Colbert: The Baby Boomers, they won’t let us stop thinking about the Sixties
Weiner: They think they invented sex, drugs and you know … and so they have a view of it that is a child’s view of it, so I wanted to say, what would it be if you were an adult that lived through, let’s say, some fairly interesting things like World War II and The Great Depression, and then this comes along. And there was tremendous change, and the cliché turbulence, and free love and things like that. But there’s free love in the 1920s, there’s free love in the 1930s, the Beatnik movement of the ’50s; no one invented any of this. What really happened was, there was a generation that was asked very little. They got education, they got a lot of entertainment, they got a lot of spending money, they became the focus of the economy, of entertainment, of everything. There was a war going on that they were supposed to fight, some of them didn’t. But the generation before them, all of them fought.
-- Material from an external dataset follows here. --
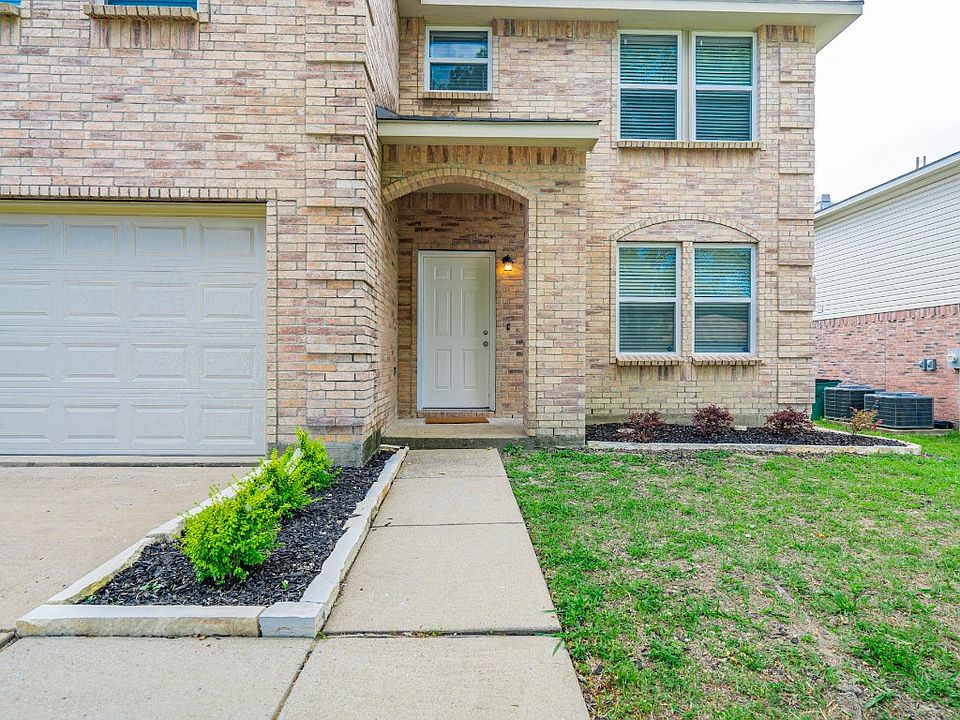 1st image of 525 Rocky Springs Dr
They have a very sort of demanding thing, I experience it in real life, they’ll come up to me and be like, ‘what happened to this?!’ or ‘what happened to that?!’ and I’m like, ‘I’m not telling your story, I’m telling the story of your parents, or your grandparents’.

Kim Stanley Robinson comments on The Hunger Games

From How America’s Leading Science Fiction Authors Are Shaping Your Future by Eileen Gunn:

Smithsonian spoke with the eminent critic John Clute, co-editor of the Encyclopedia of Science Fiction, who quotes Bertrand Russell’s prophetic words from 1924: “‘I am compelled to fear that science will be used to promote the power of dominant groups, rather than to make men happy.’ The real fear today,” Clute continues, “is that the world we now live in was intended by those who profit from it.”

Kim Stanley Robinson—the best-selling author of the Mars trilogy, 2312 and Shaman—shares this fear, and sees it manifested in the popularity of Suzanne Collins’ novel The Hunger Games, in which a wealthy governing class uses ruthless gladiatorial games to sow fear and helplessness among the potentially rebellious, impoverished citizens. “Science fiction represents how people in the present feel about the future,” Robinson says. “That’s why ‘big ideas’ were prevalent in the 1930s, ’40s and partly in the ’50s. People felt the future would be better, one way or another. Now it doesn’t feel that way. Rich people take nine-tenths of everything and force the rest of us to fight over the remaining tenth, and if we object to that, we are told we are espousing class warfare and are crushed. They toy with us for their entertainment, and they live in ridiculous luxury while we starve and fight each other. This is what The Hunger Games embodies in a narrative, and so the response to it has been tremendous, as it should be.